Preparing the Running Environment

  1. Install the client, for example, to the /opt/client directory on the node. For details, see section "Installing a Client."
  2. Go the client installation directory and run the following commands to configure the environment variables:

    source bigdata_env

    kinit service user

    The validity duration of kinit authentication is 24 hours. If you run the sample again 24 hours later, you need to run the kinit command again.

  3. HTTPS-based access is different from HTTP-based access. When you access MapReduce using HTTPS, you must ensure that the SSL protocol supported by the curl command is supported by the cluster because SSL security encryption is used. If the cluster does not support the SSL protocol, change the SSL protocol in the cluster. For example, if the cURL supports only the TLSv1 protocol, perform the following steps:

    Log in to FusionInsight Manager, choose Cluster > Name of the desired cluster > Services > Yarn > Configurations > All Configurations, search for hadoop.ssl.enabled.protocols in the search box, and check whether the parameter value contains TLSv1. If the parameter value does not contain TLSv1, add TLSv1 in the hadoop.ssl.enabled.protocols configuration item. Clear the value of ssl.server.exclude.cipher.list. Otherwise, you cannot access Yarn using HTTPS. Click Save, and click More > Restart Service to restart the service.

    • The values of MapReduce configuration items hadoop.ssl.enabled.protocols and ssl.server.exclude.cipher.list directly reference the values of the corresponding configuration items in Yarn. Therefore, you need to change the values of the corresponding configuration items in Yarn and restart the Yarn and MapReduce services.
    • TLSv1 has security vulnerabilities. Exercise caution when using it.

Procedure

Obtain detailed information about tasks that have been completed on MapReduce.

  • Commands for the operation:
    curl -k -i --negotiate -u : "https://10.120.85.2:26014/ws/v1/history/mapreduce/jobs"

    In the preceding command, 10.120.85.2 indicates the value of JHS_FLOAT_IP for MapReduce, and 26014 indicates the port ID of the JobHistoryServer node.

    In RedHat 6.x and CentOS 6.x, a compatibility problem occurs when the curl command is used to access the JobHistoryServer. As a result, the correct result cannot be returned.

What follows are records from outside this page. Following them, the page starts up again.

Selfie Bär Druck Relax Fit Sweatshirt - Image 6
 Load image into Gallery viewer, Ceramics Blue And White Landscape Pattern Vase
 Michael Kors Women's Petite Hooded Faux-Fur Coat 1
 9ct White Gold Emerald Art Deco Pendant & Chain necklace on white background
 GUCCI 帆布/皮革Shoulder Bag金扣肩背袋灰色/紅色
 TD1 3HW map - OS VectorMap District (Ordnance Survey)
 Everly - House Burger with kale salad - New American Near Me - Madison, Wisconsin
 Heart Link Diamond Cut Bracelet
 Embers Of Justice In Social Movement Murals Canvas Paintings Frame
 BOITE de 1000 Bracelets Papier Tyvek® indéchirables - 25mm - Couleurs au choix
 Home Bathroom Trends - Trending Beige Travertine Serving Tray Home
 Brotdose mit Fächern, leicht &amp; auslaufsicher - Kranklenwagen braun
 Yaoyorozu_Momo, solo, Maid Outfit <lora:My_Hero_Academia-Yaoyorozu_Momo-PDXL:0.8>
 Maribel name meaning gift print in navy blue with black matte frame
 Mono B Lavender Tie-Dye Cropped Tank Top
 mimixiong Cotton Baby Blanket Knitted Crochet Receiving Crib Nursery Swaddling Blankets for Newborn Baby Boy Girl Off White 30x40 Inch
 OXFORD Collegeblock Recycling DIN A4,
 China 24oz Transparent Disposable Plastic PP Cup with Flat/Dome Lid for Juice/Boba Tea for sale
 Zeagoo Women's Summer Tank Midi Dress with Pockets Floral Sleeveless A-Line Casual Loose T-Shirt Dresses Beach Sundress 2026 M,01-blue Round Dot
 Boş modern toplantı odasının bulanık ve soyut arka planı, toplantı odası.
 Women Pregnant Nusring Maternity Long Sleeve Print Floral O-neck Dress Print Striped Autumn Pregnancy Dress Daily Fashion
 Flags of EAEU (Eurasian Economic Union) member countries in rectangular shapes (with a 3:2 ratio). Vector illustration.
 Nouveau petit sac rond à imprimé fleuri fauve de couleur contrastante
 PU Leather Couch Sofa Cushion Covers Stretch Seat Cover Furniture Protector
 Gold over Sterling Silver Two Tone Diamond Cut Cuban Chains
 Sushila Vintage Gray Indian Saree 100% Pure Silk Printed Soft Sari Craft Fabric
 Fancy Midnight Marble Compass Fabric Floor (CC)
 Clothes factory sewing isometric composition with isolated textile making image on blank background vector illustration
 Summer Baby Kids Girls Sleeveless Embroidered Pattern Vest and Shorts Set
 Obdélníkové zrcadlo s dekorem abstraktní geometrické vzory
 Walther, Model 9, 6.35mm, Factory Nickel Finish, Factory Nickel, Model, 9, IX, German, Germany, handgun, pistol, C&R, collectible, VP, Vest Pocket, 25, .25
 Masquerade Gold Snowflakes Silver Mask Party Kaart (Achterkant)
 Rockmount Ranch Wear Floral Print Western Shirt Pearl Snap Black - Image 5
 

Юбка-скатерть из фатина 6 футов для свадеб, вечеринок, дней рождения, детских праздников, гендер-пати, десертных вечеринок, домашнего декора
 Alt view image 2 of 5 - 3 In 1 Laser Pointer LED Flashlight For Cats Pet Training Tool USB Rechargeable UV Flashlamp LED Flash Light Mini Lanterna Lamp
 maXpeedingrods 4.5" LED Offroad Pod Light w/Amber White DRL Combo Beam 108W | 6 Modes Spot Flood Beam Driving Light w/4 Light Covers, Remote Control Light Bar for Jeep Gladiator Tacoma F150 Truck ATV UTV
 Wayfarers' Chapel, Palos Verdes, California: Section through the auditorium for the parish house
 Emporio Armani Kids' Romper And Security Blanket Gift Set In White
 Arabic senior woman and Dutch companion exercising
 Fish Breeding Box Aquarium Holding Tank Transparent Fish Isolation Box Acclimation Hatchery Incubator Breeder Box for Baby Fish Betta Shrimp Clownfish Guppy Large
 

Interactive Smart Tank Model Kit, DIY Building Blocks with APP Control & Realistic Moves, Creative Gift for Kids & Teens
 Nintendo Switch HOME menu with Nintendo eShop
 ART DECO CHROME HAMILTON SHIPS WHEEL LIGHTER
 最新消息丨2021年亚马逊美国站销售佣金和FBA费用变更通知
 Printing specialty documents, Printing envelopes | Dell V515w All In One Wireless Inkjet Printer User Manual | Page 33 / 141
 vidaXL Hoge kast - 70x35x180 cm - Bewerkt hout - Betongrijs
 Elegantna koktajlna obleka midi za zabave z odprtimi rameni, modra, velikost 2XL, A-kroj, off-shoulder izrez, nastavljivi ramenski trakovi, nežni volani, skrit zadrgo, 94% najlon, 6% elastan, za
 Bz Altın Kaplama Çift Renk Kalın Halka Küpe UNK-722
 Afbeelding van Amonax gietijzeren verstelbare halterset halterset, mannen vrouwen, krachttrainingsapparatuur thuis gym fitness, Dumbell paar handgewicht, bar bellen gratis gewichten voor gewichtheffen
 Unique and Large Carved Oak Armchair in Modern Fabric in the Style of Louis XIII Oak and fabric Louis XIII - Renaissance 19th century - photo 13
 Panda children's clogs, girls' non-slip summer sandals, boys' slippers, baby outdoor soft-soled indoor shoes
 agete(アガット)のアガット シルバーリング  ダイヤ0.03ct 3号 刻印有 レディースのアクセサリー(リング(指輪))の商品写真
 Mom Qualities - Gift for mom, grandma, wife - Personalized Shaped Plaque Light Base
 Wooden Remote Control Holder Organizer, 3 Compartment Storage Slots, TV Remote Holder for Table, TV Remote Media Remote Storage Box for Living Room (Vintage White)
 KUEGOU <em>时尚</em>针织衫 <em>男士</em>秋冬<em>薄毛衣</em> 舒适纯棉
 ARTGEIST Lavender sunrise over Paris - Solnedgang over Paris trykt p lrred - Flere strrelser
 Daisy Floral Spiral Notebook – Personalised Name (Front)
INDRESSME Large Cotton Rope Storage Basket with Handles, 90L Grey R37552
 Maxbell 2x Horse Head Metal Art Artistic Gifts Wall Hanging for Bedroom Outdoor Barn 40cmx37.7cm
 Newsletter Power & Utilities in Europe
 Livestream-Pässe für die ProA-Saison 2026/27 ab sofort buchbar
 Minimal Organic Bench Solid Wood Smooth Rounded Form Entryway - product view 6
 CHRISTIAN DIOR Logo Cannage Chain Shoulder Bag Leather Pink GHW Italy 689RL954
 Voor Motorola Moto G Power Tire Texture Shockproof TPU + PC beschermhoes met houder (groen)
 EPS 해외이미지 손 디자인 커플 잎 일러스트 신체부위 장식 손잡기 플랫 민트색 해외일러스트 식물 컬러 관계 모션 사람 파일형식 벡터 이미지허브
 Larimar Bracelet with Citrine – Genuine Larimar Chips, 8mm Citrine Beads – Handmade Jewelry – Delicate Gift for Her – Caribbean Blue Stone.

  • You can view the status information about historical tasks, such as the task IDs, start time, end time, and task execution status.
  • Execution result
    {
        "jobs":{
            "job":[
                {
                    "submitTime":1525693184360,
                    "startTime":1525693194840,
                    "finishTime":1525693215540,
                    "id":"job_1525686535456_0001",
                    "name":"QuasiMonteCarlo",
                    "queue":"default",
                    "user":"mapred",
                    "state":"SUCCEEDED",
                    "mapsTotal":1,
                    "mapsCompleted":1,
                    "reducesTotal":1,
                    "reducesCompleted":1
                }
            ]
        }
    }
  • Result analysis:

    Using this API, you can query the completed MapReduce tasks in the current cluster and obtain information listed in Table 1.

    Table 1 Common information

    Parameter

    Description

    submitTime

    Time when a task is submitted

    startTime

    Start time

    finishTime

    End time

    queue

    Task queue

    user

    User who submits the task

    state

    Task state, success or failure